[CRIU] [PATCH 1/2] pagemap: Introduce pagemap cache
Andrew Vagin
avagin at parallels.com
Tue Feb 11 13:15:02 PST 2014
On Tue, Feb 11, 2014 at 11:08:43PM +0400, Cyrill Gorcunov wrote:
>
> Pavel reported that in case if there a big number
> of small vmas present in the dumpee we're reading
> /proc/pid/pagemap too frequently.
>
> To speedup this procedue we inroduce pagemap cache.

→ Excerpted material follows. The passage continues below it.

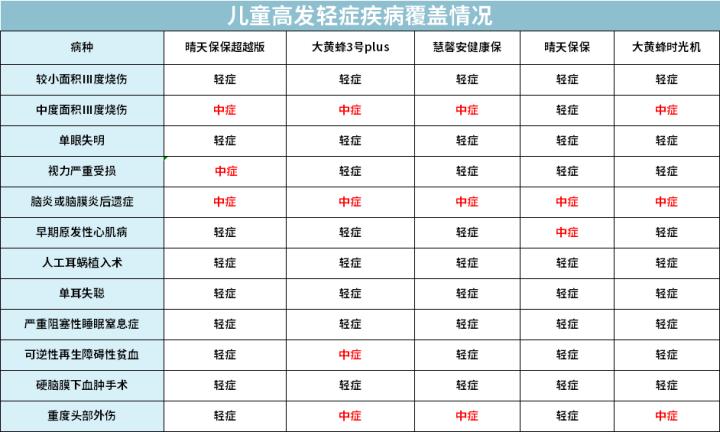 全面测评76款少儿重疾险，选出2020年11月的性价比之王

> The idea behind is simple
>
> - cache can carry PMEs which cover up to 2M of physical memory
> at least (or if longest VMA area is bigger than 2M, then we
> take its size for cache)
> - when it is asked to fetch PME from the cache and cache miss
> found, we walk over all near laying VMAs and pre-read their
> PMEs
>
> The interface is:
> - pmc_init/pmc_fini for cache initialization and freeing
> - pmc_get_pfn_index to retrieve specific PME from cache
>
> Reported-by: Pavel Emelyanov <xemul at parallels.com>
> Signed-off-by: Cyrill Gorcunov <gorcunov at openvz.org>
> ---
> Makefile.crtools | 1 +
> include/pagemap.h | 33 ++++++++++++++
> pagemap.c | 126 ++++++++++++++++++++++++++++++++++++++++++++++++++++++
> 3 files changed, 160 insertions(+)
> create mode 100644 include/pagemap.h
> create mode 100644 pagemap.c
>
> diff --git a/Makefile.crtools b/Makefile.crtools
> index 374cd8570289..4aefd7bec278 100644
> --- a/Makefile.crtools
> +++ b/Makefile.crtools
> @@ -53,6 +53,7 @@ obj-y += file-lock.o
> obj-y += page-pipe.o
> obj-y += page-xfer.o
> obj-y += page-read.o
> +obj-y += pagemap.o
> obj-y += kerndat.o
> obj-y += stats.o
> obj-y += string.o
> diff --git a/include/pagemap.h b/include/pagemap.h
> new file mode 100644
> index 000000000000..d5a581918951
> --- /dev/null
> +++ b/include/pagemap.h
> @@ -0,0 +1,33 @@
> +#ifndef __CR_PAGEMAP_H__
> +#define __CR_PAGEMAP_H__
> +
> +#include <sys/types.h>
> +#include "asm/types.h"
> +
> +struct vma_area;
> +
> +typedef struct {
> + u64 pme;
> +} pagemap_entry_t;
> +
> +/* To carry up to 2M of physical memory */
> +#define PAGEMAP_MAX_AREA (2ul << 20)
> +#define PAGEMAP_PFN(addr) ((addr) / PAGE_SIZE)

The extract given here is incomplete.